** Directions for this task **
Below are the entries; give again exactly the lines from the one mentioning "Stella Mccartney Print Shorts In Pink" through the one mentioning "AuBreey Digital Load", inclusive.

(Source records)
--- START ---

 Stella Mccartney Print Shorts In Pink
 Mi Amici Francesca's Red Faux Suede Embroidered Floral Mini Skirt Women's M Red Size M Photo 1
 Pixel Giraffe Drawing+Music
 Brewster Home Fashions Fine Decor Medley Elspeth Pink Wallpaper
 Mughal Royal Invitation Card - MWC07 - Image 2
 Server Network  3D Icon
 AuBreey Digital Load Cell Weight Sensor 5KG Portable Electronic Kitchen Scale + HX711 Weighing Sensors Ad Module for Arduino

--- END ---
--- START ---

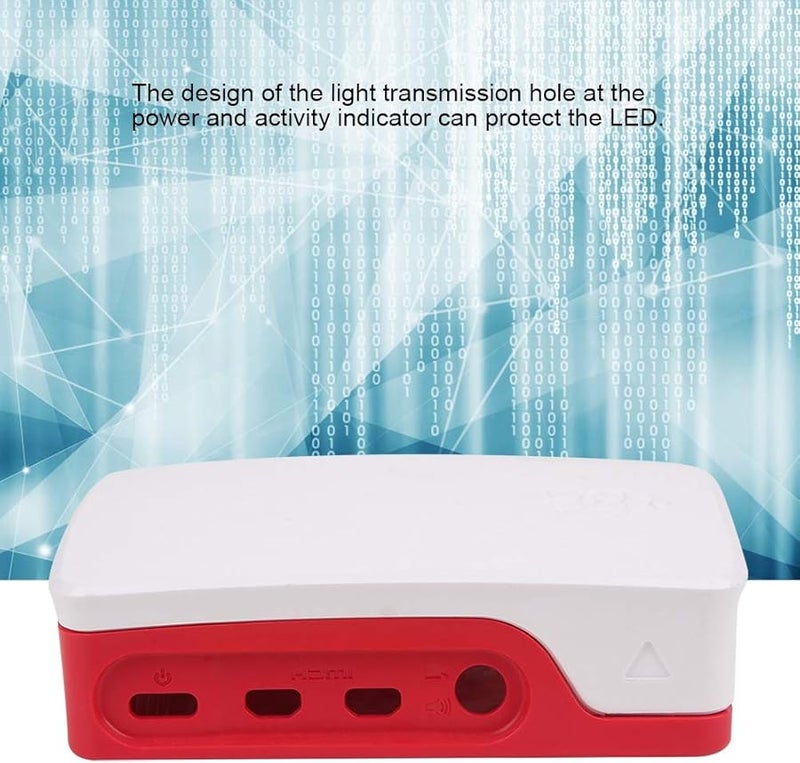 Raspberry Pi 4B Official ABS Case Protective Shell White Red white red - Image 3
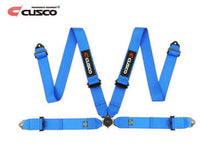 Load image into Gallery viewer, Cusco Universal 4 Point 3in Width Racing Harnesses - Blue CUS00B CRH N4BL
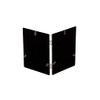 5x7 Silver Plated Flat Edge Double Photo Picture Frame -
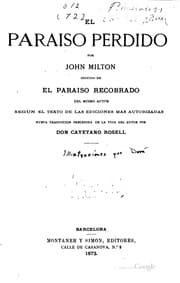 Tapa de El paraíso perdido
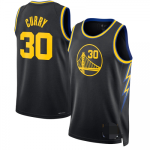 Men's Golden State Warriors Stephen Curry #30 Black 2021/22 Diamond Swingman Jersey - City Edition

--- END ---

** Reply to the task **
 Stella Mccartney Print Shorts In Pink
 Mi Amici Francesca's Red Faux Suede Embroidered Floral Mini Skirt Women's M Red Size M Photo 1
 Pixel Giraffe Drawing+Music
 Brewster Home Fashions Fine Decor Medley Elspeth Pink Wallpaper
 Mughal Royal Invitation Card - MWC07 - Image 2
 Server Network  3D Icon
 AuBreey Digital Load Cell Weight Sensor 5KG Portable Electronic Kitchen Scale + HX711 Weighing Sensors Ad Module for Arduino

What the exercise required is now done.